Hands-On With the New Outlook.com

Posted on October 1, 2016 by Paul Thurrott in Outlook.com with 34 Comments

Hands-On With the New Outlook.com

As you may have heard, Microsoft is finally nearing the completion of its migration to the new Outlook.com, which brings the look and feel and some of the functionality of the commercial Office 365 offerings to consumers. Here’s a quick look at some of the key changes.

We begin, naturally enough, with the overall look and feel of the Outlook.com web experience. Depending on your experience with this service, the changes may seem a bit subtle, but those who are familiar with Office 365 will immediately recognize the new user interface as being nearly identical to Outlook on the web in Office 365.

Here’s the old Outlook.com.


And the new.


And here’s Office 365’s Outlook on the web for comparison. As you can see, the new Outlook.com more closely resembles this service than the old Outlook.com.


(The Outlook.com Calendar has likewise changed to a look and feel that more closely resembles Office 365’s calendar. You get the idea.)

The changes to Outlook.com of course go deeper than just how it looks on the web. Here are some of the functional changes that will impact your day-to-day use.

Clutter. The new Outlook.com picks up the Clutter feature from Office 365, which helps separate out low-priority email so it’s not bogging down your inbox. (This works somewhat like the Focused Inbox feature in Outlook for Android and iPhone, if you’re familiar with that app.) It’s something that improves over time, because it learns from your email habits, and you can help speed the process my manually moving emails in and out of the Clutter folder. And yes, you can turn this off if you’re not interested.


Pop-out email windows. You can now pop-out individual email messages—both new messages that you write and those you have received—into their own windows, so you can refer to other emails as you write. This is fairly sophisticated, and helps Outlook.com behave more like a client-side email application.

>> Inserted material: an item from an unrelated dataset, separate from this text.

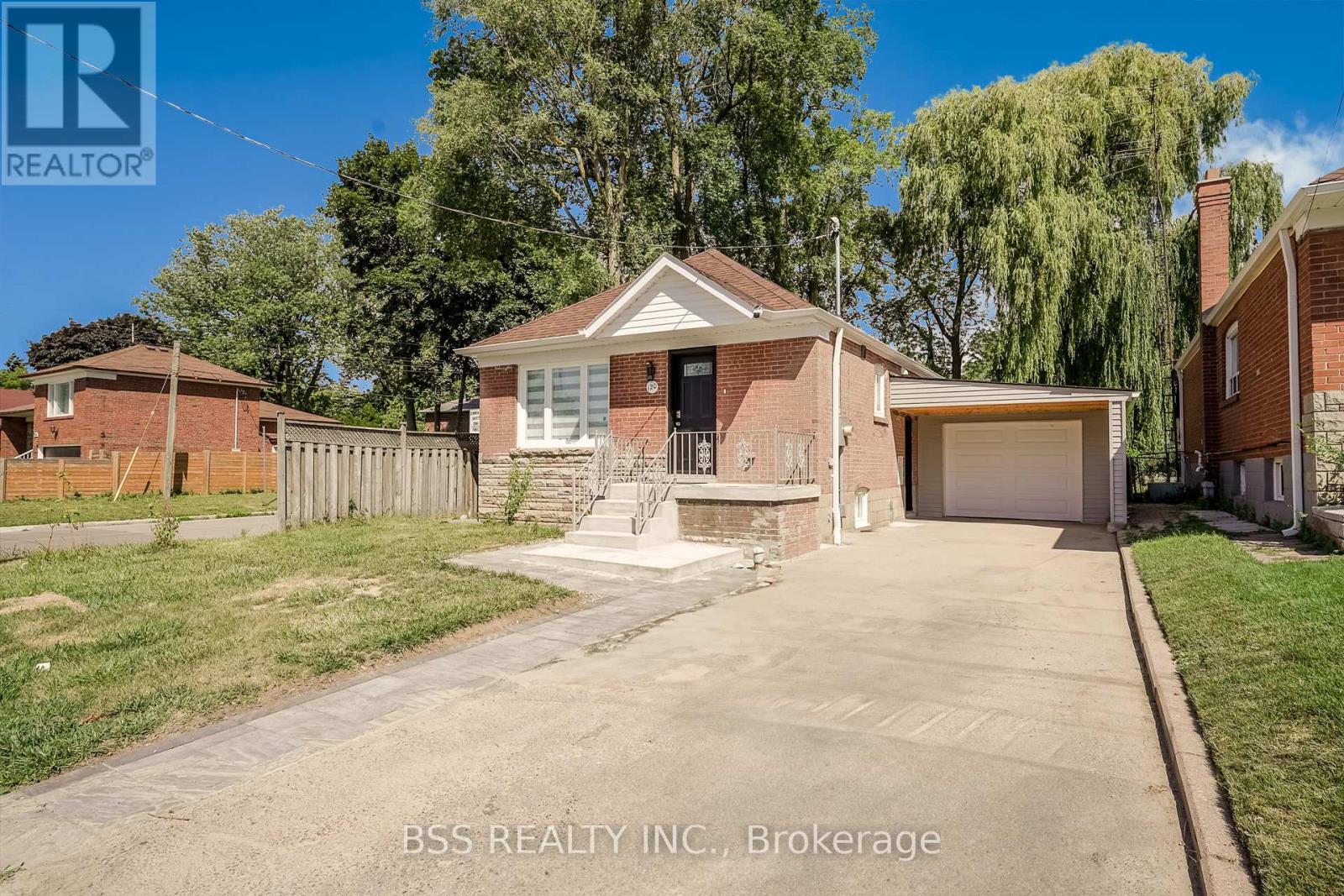 Property at 120 BERTRAND AVENUE image 3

Add-ins. Outlook.com now supports the same add-ins that developers create for Office 365 and Outlook 2016 for Windows and Mac. Several are enabled by default, including Bing Maps, Evernote, PayPal for Outlook, Uber Ride Reminder, and others. For example, the PayPal for Outlook add-in lets you send money directly from Outlook.com without leaving the inbox.


Simple OneDrive sharing. Now, you have the option to move attached files from an email message to your OneDrive, allowing you to more easily share lots of files, or files that may exceed the limits of email.


View and edit Office attachments without leaving Outlook.com. When you receive a Word, Excel, or PowerPoint document via email, you can view and edit it right in the browser window—using Office Online—without leaving Outlook.com. And if you do edit the document, you can send it back to the person who emailed it to you without first saving it locally and re-attaching it. Nice!


Calendar search. Hold on to your hats, since even the Calendar app in Windows 10 can’t do this: You can search your calendar for events and for people associated with events!

New mobile experience. While most Outlook.com users are probably better off using Outlook for Android or iPhone, or Outlook Mail, Calendar, and People for Windows 10 Mobile, Microsoft has also refreshed the Outlook.com mobile web client for those who prefer that approach. It supports swipe gestures and, amazingly, add-ins.

There’s a whole lot more going on, of course, but these are the things that really stick out as nice improvements over the previous version of the service. For a more complete list of the changes, be sure to check out Microsoft Announces Major Changes Coming to Outlook.com.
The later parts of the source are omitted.